Fabrication of foam metal in directed energy deposition applying titanium hydride

Abstract

Directed Energy Deposition (DED), which is one of the Additive Manufacturing (AM) processes, can deposit metallic production efficiently by irradiating a high-power laser beam on a baseplate and supplying material powder simultaneously. DED has a problem in low mechanical strength due to residual pore inside of the production. However, the residual pore is also available to fabricate low density production as an opponent idea. If the residual pore could be increased intentionally and drastically, DED is applicable to foam metal fabrication. Foam metal could be produced continuously with high degree of freedom in shaping, if melt-pool can be foamed in DED. Therefore, this paper proposes a simple fabrication method for foam stainless alloy with DED by applying titanium hydride (TiH₂) as a foaming agent for melt pool.
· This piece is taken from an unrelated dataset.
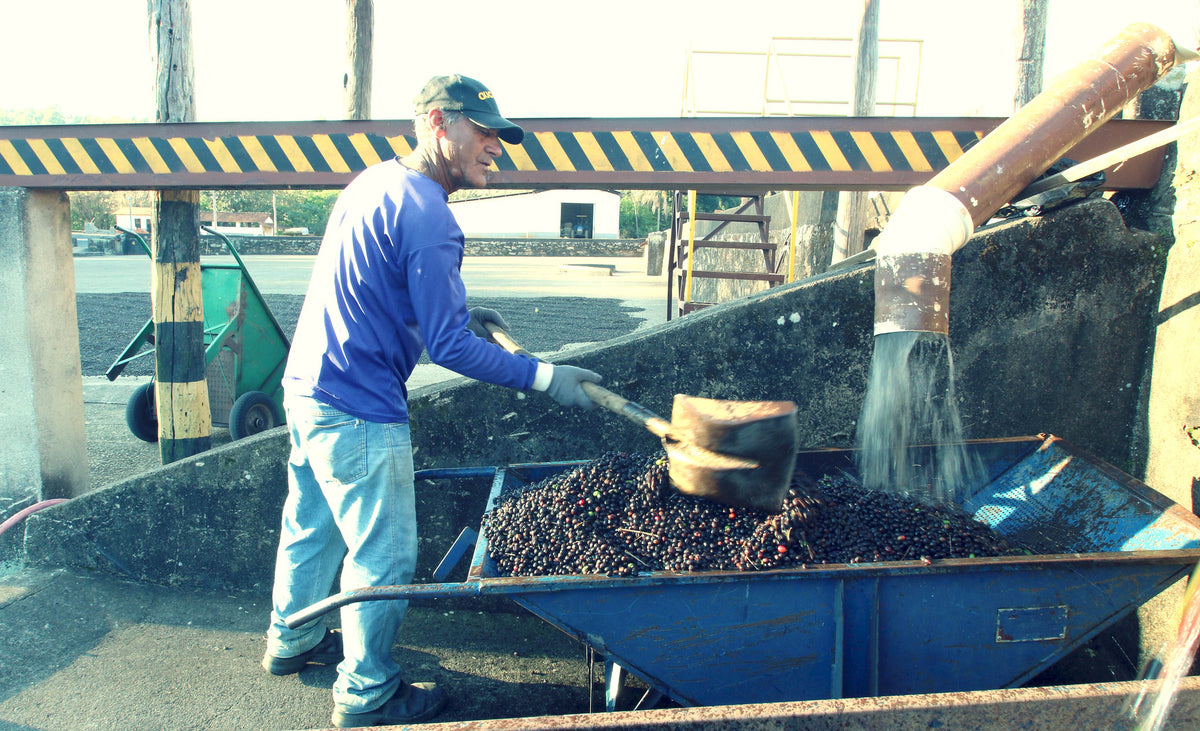 A coffee worker washing freshly picked coffee cherries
TiH₂ releases hydrogen in a high temperature environment as more than 500℃. Considering that high viscosity and low surface tension are required to stabilize pore generation, material powder also should contain a thickening agent (CaO: calcium oxide) and a surface active agent (Te: tellurium). According to the experimental results, an effect of CaO was hardly observed because the liquid stainless may already have high viscosity enough. On the other hand, Te certainly reduced the critical film thickness and prevented the pore collapse in stainless foam fabrication, according to the porosity rate calculation, the observation with a high speed camera, and the elemental distribution analysis. Furthermore, the proposed method successfully produced a foam structure in stainless steel with high porosity rate as 61% at maximum.